Pour les féministes, la principale valeur éducative du penchant lesbien a été de mettre en évidence le lien très clair dans l’esprit des hommes, entre le fait d’être « non féminine » et celui d’être indépendante. Être traitée de « non féminine » est une menace relativement douce qui vous signale que vous commencez à hésiter, alors que le fait d’être traitée de lesbienne est l’alarme face au danger, le dernier avertissement que vous êtes sur le point de quitter le Territoire de la Féminité pleine et entière. Les gestes de transgression féminine peuvent prendre différentes formes. Une femme peut sembler trop autonome et trop sûre d’elle ; elle peut travailler politiquement pour les droits des femmes ; elle peut être trop intelligente pour ses collègues ; ou elle peut avoir des amies proches qui sont des femmes importantes. Souvent, des femmes ont été qualifiées de « lesbiennes » par de parfaits inconnus simplement parce qu’elles étaient assises à un café, manifestement absorbées par leur propre conversation sans être intéressées par les hommes qui les entouraient. (Curieusement, c’est précisément sur les femmes les plus ouvertement "féminines" que les hommes vont perpétrer ce genre d’abus, puisque le but est davantage de faire peur aux femmes pour les remettre « à leur place » que de mettre le doigt sur un quelconque lesbianisme réel).
La possibilité de considérer le lesbianisme comme une option personnelle est née de raisons très différentes. Pour de nombreuses féministes, il y a toujours eu un lien logique et théorique entre l’élimination des rôles sexuels et la possibilité d’aimer d’autres femmes. Pour certaines d’entre elles, ce lien est devenu réalité lorsqu’elles ont rencontré une femme qui les attirait. Pour d’autres, le lesbianisme a signifié une libération avec les relations masculines en général, une libération de la tâche de rechercher cet homme « spécial », insaisissable qui n’aurait pas été un macho. D’autres féministes considéraient une relation amoureuse avec une femme comme une chose positive, car elles estimaient que les autres femmes ne pouvaient pas encourager la passivité et la soumission dans laquelle elles s’étaient trouvées auparavant avec les hommes. Le plus important, peut-être, c’est que les femmes ont découvert qu’il y avait d’autres femmes à aimer en tant que personnes à part entière.
DÉFINITIONS
Avec l’accroissement des interactions entre les mouvements de libération des gays et des femmes, une conscience accrue du lesbianisme s’est développée parmi les féministes - et avec elle un désaccord et une confusion quant à ce que signifie exactement être lesbienne. Il est clair que cela implique plus que la simple définition du dictionnaire consistant pour des femmes à coucher avec des personnes de leur propre sexe. Certaines femmes le définissent comme signifiant avoir des relations sexuelles exclusivement avec des femmes, une définition plus rigide que celle communément utilisée.

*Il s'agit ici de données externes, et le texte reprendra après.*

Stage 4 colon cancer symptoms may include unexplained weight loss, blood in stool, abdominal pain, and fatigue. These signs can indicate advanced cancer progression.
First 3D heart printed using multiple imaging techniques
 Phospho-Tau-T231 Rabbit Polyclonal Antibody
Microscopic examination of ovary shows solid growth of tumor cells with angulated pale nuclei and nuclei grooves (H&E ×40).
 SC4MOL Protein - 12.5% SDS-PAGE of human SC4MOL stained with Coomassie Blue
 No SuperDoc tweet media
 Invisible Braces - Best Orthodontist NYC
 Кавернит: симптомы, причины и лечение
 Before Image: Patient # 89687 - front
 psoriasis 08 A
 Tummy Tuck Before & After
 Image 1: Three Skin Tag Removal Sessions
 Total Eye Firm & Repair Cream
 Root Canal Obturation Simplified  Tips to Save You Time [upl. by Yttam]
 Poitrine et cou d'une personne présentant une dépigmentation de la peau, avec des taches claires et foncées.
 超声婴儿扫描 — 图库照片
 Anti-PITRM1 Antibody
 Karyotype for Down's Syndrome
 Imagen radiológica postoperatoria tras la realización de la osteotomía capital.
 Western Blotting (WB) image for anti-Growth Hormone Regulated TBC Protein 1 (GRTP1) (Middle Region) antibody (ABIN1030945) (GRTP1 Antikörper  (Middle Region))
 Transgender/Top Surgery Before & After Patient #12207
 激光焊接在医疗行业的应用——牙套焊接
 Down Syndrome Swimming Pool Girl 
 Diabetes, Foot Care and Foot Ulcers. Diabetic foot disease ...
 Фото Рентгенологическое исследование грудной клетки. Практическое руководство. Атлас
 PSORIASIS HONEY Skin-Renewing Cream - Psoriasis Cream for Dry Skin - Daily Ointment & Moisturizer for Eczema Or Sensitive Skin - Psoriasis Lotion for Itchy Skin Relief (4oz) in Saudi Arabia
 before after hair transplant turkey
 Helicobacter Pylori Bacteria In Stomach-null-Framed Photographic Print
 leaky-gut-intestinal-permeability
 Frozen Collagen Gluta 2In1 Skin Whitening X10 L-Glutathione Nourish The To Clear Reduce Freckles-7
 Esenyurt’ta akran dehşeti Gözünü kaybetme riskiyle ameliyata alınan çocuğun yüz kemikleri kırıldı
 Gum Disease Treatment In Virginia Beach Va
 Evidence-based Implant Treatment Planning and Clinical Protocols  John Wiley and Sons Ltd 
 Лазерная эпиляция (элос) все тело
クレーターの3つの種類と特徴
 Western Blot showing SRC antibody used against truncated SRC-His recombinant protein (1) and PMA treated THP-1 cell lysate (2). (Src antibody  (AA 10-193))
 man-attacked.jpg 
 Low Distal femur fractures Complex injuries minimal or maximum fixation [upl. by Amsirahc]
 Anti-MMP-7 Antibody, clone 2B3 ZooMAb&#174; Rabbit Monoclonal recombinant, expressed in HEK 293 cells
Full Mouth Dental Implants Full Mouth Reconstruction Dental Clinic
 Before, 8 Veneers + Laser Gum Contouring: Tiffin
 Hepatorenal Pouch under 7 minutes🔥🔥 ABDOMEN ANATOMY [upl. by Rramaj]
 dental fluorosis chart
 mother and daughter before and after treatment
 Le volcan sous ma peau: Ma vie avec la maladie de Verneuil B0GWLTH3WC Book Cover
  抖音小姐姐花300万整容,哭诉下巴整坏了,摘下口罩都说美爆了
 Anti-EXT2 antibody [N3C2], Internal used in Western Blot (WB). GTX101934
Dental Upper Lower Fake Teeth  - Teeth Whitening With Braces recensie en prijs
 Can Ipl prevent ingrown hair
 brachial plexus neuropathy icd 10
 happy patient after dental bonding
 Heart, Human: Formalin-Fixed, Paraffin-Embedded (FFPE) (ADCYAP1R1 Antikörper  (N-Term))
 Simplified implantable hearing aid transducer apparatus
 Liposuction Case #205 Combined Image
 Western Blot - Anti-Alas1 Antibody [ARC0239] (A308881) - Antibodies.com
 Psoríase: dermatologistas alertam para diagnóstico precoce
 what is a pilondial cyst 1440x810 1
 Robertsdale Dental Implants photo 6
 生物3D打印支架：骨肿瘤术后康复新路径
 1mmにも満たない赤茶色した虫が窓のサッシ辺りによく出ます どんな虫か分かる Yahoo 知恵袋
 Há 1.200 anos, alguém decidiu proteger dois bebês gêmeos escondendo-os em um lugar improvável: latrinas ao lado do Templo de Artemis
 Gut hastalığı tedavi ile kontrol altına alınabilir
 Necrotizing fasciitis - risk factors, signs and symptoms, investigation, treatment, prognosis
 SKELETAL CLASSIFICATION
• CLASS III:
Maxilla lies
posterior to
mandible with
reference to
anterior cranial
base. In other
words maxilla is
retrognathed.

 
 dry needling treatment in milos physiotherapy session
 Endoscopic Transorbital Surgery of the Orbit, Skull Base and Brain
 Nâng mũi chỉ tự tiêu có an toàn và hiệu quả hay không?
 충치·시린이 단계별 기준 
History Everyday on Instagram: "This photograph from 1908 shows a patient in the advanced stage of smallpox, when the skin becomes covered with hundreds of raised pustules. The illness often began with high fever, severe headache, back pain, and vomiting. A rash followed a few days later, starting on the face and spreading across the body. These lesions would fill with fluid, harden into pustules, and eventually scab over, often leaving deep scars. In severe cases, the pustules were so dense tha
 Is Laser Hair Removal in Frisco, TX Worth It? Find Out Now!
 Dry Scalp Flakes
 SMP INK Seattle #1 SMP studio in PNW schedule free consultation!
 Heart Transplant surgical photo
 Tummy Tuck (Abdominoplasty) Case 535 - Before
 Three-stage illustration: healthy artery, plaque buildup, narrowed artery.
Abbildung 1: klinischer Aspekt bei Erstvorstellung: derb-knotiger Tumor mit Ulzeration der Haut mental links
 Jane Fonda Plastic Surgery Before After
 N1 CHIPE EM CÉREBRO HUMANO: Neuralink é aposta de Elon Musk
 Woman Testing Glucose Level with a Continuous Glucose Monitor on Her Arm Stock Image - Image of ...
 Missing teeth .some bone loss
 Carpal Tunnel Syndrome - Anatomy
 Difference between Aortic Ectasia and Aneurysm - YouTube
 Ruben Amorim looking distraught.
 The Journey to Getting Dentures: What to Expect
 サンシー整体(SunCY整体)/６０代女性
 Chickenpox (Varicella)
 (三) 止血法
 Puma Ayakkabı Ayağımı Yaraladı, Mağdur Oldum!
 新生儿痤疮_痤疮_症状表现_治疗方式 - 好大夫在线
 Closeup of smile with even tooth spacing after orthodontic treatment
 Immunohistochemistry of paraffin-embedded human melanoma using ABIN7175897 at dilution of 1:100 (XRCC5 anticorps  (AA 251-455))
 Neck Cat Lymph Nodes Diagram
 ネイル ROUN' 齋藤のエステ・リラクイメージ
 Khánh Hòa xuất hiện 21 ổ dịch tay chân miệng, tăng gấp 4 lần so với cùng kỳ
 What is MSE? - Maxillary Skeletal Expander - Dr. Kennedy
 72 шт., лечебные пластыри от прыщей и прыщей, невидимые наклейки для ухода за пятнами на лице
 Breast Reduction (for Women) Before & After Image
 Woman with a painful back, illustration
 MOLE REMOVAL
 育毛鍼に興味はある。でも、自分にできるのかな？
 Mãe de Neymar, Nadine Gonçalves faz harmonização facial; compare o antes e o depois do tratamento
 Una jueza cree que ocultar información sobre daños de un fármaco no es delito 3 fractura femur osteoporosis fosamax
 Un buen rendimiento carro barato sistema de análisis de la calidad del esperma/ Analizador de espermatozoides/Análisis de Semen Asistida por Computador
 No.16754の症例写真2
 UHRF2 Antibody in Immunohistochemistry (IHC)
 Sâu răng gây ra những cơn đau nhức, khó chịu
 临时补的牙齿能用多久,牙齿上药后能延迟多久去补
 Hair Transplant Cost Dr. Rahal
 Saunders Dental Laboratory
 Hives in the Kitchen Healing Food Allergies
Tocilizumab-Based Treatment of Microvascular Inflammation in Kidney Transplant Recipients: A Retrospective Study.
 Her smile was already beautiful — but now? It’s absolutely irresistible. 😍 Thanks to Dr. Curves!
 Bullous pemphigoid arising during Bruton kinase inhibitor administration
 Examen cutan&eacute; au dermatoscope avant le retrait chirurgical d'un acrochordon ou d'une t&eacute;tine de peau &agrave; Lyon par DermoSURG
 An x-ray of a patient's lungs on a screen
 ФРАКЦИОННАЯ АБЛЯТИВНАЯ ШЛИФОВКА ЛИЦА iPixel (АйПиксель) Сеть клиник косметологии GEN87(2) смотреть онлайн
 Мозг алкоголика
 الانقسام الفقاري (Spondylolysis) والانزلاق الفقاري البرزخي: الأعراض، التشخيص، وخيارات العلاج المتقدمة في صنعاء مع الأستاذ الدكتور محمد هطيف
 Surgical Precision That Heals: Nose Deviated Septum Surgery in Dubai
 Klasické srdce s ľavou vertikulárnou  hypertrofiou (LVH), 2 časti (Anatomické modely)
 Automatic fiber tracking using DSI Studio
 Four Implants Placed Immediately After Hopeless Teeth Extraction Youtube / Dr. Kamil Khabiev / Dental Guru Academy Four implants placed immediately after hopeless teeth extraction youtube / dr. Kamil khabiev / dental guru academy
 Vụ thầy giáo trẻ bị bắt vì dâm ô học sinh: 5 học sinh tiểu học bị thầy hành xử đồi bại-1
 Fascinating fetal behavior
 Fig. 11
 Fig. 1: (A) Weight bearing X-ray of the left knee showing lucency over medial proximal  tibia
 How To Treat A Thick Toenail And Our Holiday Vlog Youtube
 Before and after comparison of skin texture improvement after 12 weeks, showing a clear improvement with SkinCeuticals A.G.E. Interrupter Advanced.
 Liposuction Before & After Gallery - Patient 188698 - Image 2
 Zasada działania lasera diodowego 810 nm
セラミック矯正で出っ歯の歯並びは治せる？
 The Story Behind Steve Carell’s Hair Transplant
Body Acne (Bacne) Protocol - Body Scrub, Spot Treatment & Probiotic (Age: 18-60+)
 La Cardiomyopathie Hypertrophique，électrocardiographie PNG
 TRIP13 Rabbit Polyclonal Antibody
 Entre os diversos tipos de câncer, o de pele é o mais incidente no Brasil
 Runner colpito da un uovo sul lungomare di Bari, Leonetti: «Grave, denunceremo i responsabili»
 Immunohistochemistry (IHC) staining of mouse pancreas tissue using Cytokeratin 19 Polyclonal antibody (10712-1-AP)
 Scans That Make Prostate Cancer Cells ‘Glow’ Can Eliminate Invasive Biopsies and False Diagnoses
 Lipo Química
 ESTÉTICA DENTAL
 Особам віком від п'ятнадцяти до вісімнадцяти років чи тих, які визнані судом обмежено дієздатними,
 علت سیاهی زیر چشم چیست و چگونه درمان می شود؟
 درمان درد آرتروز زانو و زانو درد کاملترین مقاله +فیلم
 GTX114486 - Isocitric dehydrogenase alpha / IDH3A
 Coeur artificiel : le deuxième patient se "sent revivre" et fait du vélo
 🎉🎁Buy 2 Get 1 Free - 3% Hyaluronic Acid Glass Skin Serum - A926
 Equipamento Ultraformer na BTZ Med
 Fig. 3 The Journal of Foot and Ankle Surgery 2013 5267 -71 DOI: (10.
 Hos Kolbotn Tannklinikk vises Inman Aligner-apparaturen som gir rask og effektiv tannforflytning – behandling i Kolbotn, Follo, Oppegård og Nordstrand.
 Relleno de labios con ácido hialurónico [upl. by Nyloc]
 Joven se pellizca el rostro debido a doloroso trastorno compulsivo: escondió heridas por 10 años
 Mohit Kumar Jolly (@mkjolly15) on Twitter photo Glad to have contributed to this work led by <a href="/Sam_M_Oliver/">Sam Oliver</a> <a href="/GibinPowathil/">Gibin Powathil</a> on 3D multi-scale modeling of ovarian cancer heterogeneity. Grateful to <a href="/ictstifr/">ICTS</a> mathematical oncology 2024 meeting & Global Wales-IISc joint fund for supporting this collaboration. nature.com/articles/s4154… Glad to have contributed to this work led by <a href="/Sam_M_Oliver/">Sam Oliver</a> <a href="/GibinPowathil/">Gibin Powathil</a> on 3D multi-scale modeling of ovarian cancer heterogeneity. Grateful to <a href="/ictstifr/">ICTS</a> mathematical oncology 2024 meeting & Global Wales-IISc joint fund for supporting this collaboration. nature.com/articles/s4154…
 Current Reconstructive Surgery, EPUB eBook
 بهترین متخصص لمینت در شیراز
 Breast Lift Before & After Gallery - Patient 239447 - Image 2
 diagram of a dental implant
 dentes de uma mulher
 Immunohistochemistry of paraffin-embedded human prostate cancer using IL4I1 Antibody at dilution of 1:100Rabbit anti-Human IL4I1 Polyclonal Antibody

D’autres femmes gays considèrent le lesbianisme comme bien plus qu’une définition caractérisant le sexe de leur partenaire au lit ; pour elles, il s’agit d’un « engagement total dans une vie avec des femmes » et « un système intégral d’une vision du monde et d’un mode de vie ». En effet, certaines femmes gays cherchent à assimiler leur lesbianisme à un féminisme radical d’avant-garde puisque « nous avons rejeté les hommes et les rôles sexuels bien avant qu’il y ait même un mouvement de libération des femmes ». Pour les besoins de cette réflexion, la signification du mot « lesbianisme » sera limitée à sa définition la plus simple de « femmes ayant des relations sexuelles avec des femmes » afin que les différents arguments relatifs au « style de vie » qui sont parfois ajoutés à la définition de base puissent être examinés séparément.
Je pense que la première chose à faire est de définir le féminisme radical : pour moi, cela signifie un plaidoyer pour l’élimination totale des rôles sexuels. Une féministe radicale est donc une personne qui croit en cela et qui travaille politiquement à cette fin (elle ne vit pas, selon cette définition, une vie sans être touchée par les rôles sexuels ; il n’y a pas de femmes « libérées » dans ce sens). Cette position du féminisme radical repose sur le concept que la biologie n’est pas la destinée et que les rôles masculins et féminins s’apprennent - en d’autres termes, qu’ils sont des constructions politiques masculines qui servent à assurer pouvoir et statut supérieur aux hommes. Ainsi, le mâle biologique est l’oppresseur non pas en vertu de sa biologie masculine, mais en vertu de la rationalisation de sa suprématie sur la base de cette différence biologique. L’argument selon lequel « l’homme est l’ennemi » n’est donc vrai que dans la mesure où l’homme se fond dans le rôle de la suprématie masculine.
Quelle est donc la relation entre le lesbianisme et le féminisme radical ? Si l’on compare les définitions les plus minimales du lesbianisme et du féminisme, on peut conclure qu’un point majeur les accordant réside dans le fait que la biologie ne détermine pas les rôles sexuels. Donc, même en utilisant les définitions les plus minimales du lesbianisme et du féminisme, vous pouvez conclure à un accord sur le point majeur que la biologie ne détermine pas les rôles sexuels. Ainsi, puisque les rôles sont appris, il n’y a rien de fondamentalement « masculin » ou « féminin » dans le comportement.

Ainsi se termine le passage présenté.